Yep, it was 1992. A post Larry Grohmann wrote on his FB page, where I guess someone called him out for stealing a Mesa Mark or Marshall VM circuit?

"I really don't know, who all meanwhile have adapted my Bite & Punch circuit and what circuit the Mark series *[pretty sure he means the Mesa Mark series]* or the Marshall VM *[Vintage Modified, came out in 2006/2007, does something similar]* is using, because I don't check into other amps, except I'd have to verify something for myself, whether it's plagiarized off my amp designs





By any means I have designed the Bite & Punch controls already back in 1992 and even my very first DINO 802 from Jan 1992 has had this Bite & Punch controls, as well as the completely rebuilt 3 channel Marshall, Kirk Hammet of Metallica has buyed in Nov 1992 - this one"


----------



## KnightBrolaire (Aug 3, 2020)

Thaeon said:


> I don't like Revv for the same reasons. They'll get the job done, but they're not what I would call colorful sounds.


You obviously haven't played a Revv irl lol


----------



## USMarine75 (Aug 3, 2020)

KnightBrolaire said:


> You obviously haven't played a Revv irl lol



The worst part of internet opinions is everyone thinks their subjective opinions are fact and/or matter. 
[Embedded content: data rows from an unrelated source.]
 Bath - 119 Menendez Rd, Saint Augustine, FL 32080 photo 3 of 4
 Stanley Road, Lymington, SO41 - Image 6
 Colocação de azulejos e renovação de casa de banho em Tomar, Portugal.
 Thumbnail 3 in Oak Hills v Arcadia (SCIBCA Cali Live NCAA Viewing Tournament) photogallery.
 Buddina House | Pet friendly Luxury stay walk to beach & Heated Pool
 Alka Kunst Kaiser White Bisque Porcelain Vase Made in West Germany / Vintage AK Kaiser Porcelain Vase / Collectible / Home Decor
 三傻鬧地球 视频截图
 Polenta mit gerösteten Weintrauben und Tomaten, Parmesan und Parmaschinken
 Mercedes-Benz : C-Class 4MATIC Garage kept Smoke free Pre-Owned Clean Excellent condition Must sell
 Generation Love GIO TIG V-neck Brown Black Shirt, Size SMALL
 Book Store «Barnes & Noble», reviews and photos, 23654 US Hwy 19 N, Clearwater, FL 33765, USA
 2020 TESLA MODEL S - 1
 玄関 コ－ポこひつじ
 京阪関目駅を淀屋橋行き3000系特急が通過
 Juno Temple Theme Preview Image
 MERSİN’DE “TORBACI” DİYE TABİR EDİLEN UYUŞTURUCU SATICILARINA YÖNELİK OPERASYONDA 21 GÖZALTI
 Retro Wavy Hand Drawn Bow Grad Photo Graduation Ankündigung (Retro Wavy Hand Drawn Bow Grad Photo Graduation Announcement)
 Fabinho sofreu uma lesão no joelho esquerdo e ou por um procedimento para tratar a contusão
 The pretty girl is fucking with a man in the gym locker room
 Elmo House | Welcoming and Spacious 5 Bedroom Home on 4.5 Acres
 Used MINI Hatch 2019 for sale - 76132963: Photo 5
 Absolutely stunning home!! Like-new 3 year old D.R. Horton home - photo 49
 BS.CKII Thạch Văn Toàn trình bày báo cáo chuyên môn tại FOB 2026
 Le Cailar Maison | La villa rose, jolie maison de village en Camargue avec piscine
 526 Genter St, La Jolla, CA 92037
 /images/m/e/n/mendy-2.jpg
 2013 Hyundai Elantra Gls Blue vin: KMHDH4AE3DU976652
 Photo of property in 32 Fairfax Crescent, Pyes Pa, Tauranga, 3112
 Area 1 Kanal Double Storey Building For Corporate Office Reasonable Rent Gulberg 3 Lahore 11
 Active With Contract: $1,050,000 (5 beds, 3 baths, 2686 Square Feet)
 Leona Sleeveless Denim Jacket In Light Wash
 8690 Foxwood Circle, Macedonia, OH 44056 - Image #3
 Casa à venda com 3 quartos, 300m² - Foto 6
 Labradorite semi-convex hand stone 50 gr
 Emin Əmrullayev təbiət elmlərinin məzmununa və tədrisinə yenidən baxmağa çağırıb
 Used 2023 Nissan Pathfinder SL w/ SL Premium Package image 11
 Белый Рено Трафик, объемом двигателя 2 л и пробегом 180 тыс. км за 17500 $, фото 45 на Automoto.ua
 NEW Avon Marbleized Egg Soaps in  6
Him: "Revv sound like shit."

Me: "Why?"

Him: "Because I don't like how they sound."

Me: "What do you like?"

Him: "Fortin."

Me: "Why?"

Him: "Because they sound good to me."

^ every single thread on SSO asking for advice. 1% of the time opinions are built on facts - tremolo is weak, reverb is metallic, gain on channel 2 is flubby, etc...


----------



## Vyn (Aug 3, 2020)

Ribboz said:


> That is what I'm talking about, but I would not phrase it in such an insulting way. The standby is unnecessary in modern amp design. Fortin would simplify this entire situation if he removed his mute.





Spaced Out Ace said:


> Never had an amp that wasn't silent on standby.



I've never left an amp on standby outside of warming it up initially. If the amp needs to be silent, it goes off.


----------



## Spaced Out Ace (Aug 3, 2020)

Vyn said:


> I've never left an amp on standby outside of warming it up initially. If the amp needs to be silent, it goes off.


Cool. I've still never had an amp that wasn't silent on standby.


----------



## Nick (Aug 3, 2020)

Spaced Out Ace said:


> I don't care so much if they take an established amp brands circuit, and mod it, build on it, add options and tones the original doesn't get. I do however have an issue with a "designer" lifting his ideas from a real independent designer, though.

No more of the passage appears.